We avoided the problem of computing stuff multiple times by storing our necessary values in a list, and then building the final solution from the bottom up. This turns out to work for a plethora of problems, and we presently turn to one with some real world applications.

## Coin Change

Most readers will have made change for a certain amount of money using a fixed number of coins, and one can ask, “what is the smallest number of coins I can use to make exact change?” The method of picking the largest coins first (and only taking smaller coins when you need to) happens to give the optimal solution in many cases (U.S. coins are one example). However, with an unusual set of coins, this is not always true. For instance, the best way to make change for thirty cents if you have quarters, dimes, and pennies, would be to use three dimes, as opposed to a quarter and five pennies.

This example shows us that the so-called “greedy” solution to this problem doesn’t work. So let’s try a dynamic algorithm. As with Fibonacci numbers, we need to compute some sub-problems and build off of them to get an optimal solution for the whole problem.

In particular, denote our coin values $v_1, \dots, v_k$ and the amount of change we need to make $n$. Let us further force $v_1 = 1$, so that there is guaranteed to be a solution. Our sub-problems are to find the minimal number of coins needed to make change if we only use the first $i$ coin values, and we make change for $j$ cents. We will eventually store these values in a two-dimensional array, and call it $\textup{minCoins}[i,j]$. In other words, this is a two-dimensional dynamic program, because we have sub-problems that depend on two parameters.

The base cases are easy: how many coins do I need to make change for zero cents? Zero! And how many pennies do I need to make $j$ cents? Exactly $j$. Now, suppose we know $\textup{minCoins}[i-x,j]$ and $\textup{minCoins}[i,j-y]$ for all relevant $x, y$. To determine $\textup{minCoins}[i,j]$, we have two choices. First, we can use a coin of value $v_i$, and add 1 to the array entry $\textup{minCoins}[i, j - v_i]$, which contains the best solution if we have $j - v_i$ cents. Second, we can ignore the fact that we have coins of value $v_i$ available, and we can use the solution $\textup{minCoins}[i-1,j]$, which gives us the same amount of money either.

In words, the algorithm says we can suppose our last coin is the newly introduced coin, and if that doesn’t improve on our best solution yet (above, $\textup{minCoins}[i,j-v_i]$) then we don’t use the new coin, and stick with our best solution whose last coin is not the new one (above, $\textup{minCoins}[i-1,j]$).

Let’s implement this idea:

def coinChange(centsNeeded, coinValues):
minCoins = [[0 for j in range(centsNeeded + 1)]
for i in range(len(coinValues))]
minCoins[0] = range(centsNeeded + 1)

for i in range(1,len(coinValues)):
for j in range(0, centsNeeded + 1):
if j < coinValues[i]:
minCoins[i][j] = minCoins[i-1][j]
else:
minCoins[i][j] = min(minCoins[i-1][j],
1 + minCoins[i][j-coinValues[i]])

return minCoins[-1][-1]

The first two lines of the function initialize the array with zeros, and fill the first row with the relevant penny values.
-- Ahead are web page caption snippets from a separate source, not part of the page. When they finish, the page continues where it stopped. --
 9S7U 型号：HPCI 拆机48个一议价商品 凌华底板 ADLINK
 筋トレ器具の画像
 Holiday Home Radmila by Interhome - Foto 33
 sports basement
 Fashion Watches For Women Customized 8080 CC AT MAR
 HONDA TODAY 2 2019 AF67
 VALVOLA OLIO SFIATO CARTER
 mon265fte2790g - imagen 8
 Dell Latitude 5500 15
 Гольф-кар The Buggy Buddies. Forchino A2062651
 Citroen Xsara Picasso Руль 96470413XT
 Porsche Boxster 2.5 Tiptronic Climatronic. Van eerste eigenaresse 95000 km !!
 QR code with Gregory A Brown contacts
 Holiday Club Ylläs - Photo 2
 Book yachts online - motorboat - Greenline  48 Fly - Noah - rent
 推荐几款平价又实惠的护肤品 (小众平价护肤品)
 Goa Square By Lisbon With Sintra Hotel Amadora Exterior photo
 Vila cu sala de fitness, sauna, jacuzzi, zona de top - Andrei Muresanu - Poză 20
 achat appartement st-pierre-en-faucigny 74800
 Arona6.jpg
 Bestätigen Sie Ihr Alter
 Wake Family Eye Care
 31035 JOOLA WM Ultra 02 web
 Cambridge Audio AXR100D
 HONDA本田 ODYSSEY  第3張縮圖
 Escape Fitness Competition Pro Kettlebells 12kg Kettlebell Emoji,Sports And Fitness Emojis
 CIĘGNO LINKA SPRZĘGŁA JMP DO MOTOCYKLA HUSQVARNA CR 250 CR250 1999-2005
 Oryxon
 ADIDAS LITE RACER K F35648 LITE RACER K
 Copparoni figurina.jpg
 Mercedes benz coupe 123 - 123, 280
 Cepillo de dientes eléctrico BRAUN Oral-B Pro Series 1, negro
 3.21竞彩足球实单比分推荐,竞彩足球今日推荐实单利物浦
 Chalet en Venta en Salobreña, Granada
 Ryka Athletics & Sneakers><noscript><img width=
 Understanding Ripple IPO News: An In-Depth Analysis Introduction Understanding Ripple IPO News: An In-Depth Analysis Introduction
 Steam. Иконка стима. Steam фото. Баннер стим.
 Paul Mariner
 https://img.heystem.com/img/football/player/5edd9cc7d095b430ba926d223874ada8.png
The nested for loop runs down each row, updating the coin values as described above. The only difference is that we check to see if the coin value is too large to allow us to choose it (j < coinValues[i], or equivalently j – coinValues < 0). In that case, we default to not using that coin, and there is no other way to go. Finally, at the end we return the last entry in the last row of the matrix.

We encourage the reader to run this code on lots of examples, and improve upon it. For instance, we still assume that the first entry in coinValues is 1.

## Memoized Recursion

Essentially all of dynamic programming boils down to remembering the solutions to sub-problems. One might ask: do we really need all of this array indexing junk to do that? Isn’t there a way that hides all of those details so we can focus on the core algorithm? Of course, the answer to that question is yes, but it requires some more knowledge about Python’s built in data types.

In the fill justify problem above, we uniquely identified a sub-problem using two integers, and indexing the rows and columns of a two-dimensional array (a list of lists). However, the fact that it was a two-dimensional array is wholly irrelevant. We could use a one-dimensional list, as long as we had some way to uniquely identify a sub-problem via a key we have access to. The official name for such a look-up table is a hash table.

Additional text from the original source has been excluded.